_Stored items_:
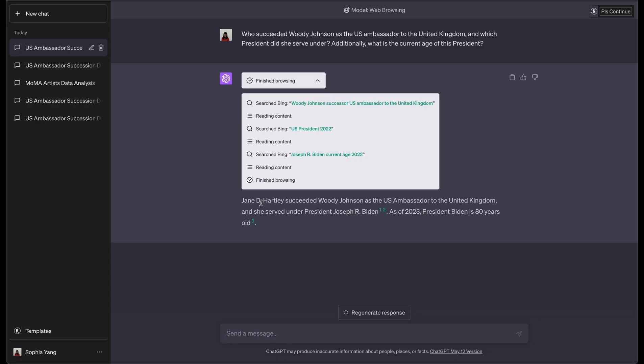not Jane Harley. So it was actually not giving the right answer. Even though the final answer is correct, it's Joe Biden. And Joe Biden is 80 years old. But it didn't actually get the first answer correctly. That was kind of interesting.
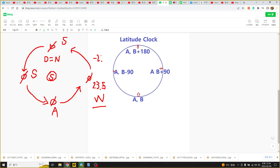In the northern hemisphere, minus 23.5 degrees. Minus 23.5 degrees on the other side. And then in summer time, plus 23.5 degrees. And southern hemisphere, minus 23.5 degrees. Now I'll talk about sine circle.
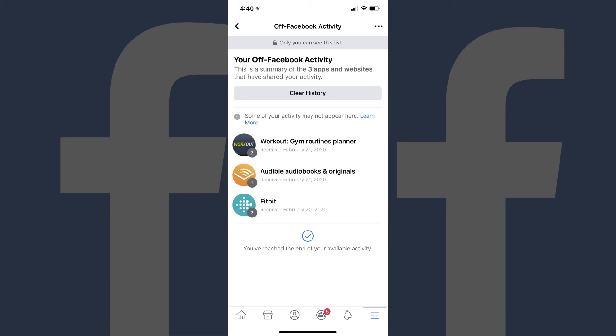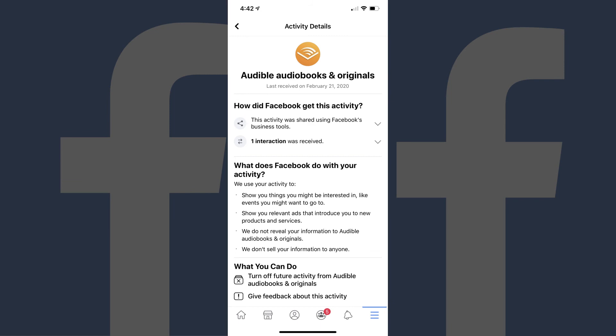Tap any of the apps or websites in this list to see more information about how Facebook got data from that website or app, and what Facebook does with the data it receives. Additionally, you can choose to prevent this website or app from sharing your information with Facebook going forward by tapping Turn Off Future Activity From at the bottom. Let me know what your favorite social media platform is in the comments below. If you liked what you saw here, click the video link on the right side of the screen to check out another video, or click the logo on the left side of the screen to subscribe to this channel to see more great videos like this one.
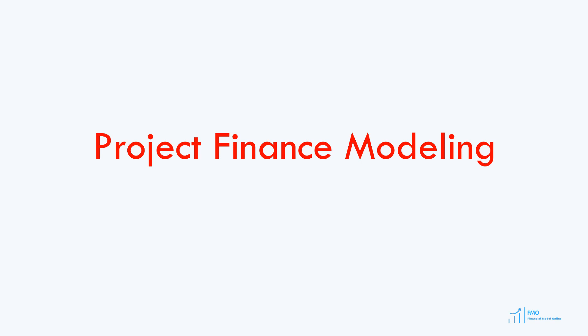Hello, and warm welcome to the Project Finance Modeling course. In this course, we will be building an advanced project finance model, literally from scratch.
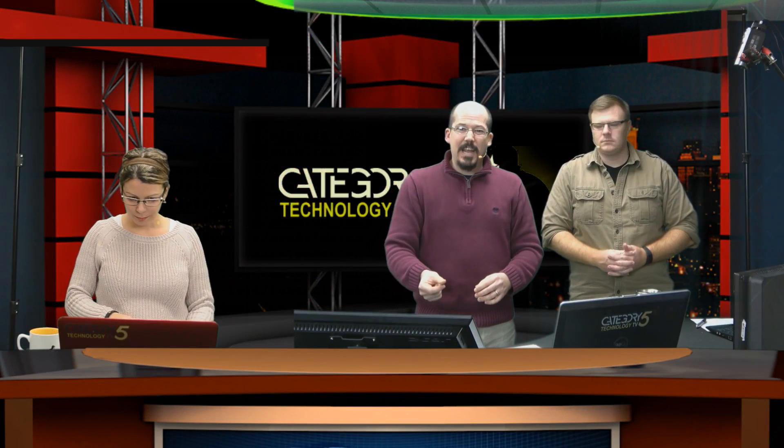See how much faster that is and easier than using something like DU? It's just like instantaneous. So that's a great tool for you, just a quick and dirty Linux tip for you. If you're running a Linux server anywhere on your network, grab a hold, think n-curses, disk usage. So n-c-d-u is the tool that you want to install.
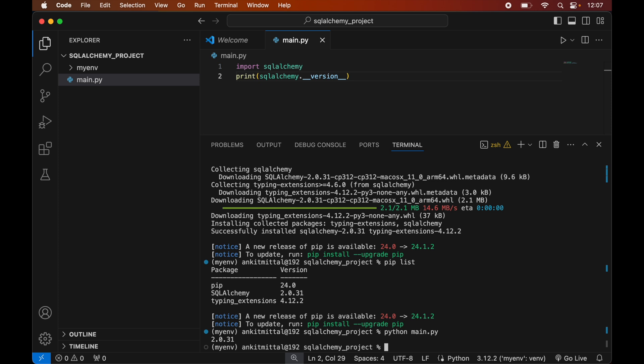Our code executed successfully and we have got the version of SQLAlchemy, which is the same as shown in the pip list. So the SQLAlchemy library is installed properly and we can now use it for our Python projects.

_Task to complete_:
Reproduce exactly, with nothing added, the lines from the line with "See how much" through the end of the entries above; pictures are to be left out.

_Answer box_:
See how much faster that is and easier than using something like DU? It's just like instantaneous. So that's a great tool for you, just a quick and dirty Linux tip for you. If you're running a Linux server anywhere on your network, grab a hold, think n-curses, disk usage. So n-c-d-u is the tool that you want to install.
Our code executed successfully and we have got the version of SQLAlchemy, which is the same as shown in the pip list. So the SQLAlchemy library is installed properly and we can now use it for our Python projects.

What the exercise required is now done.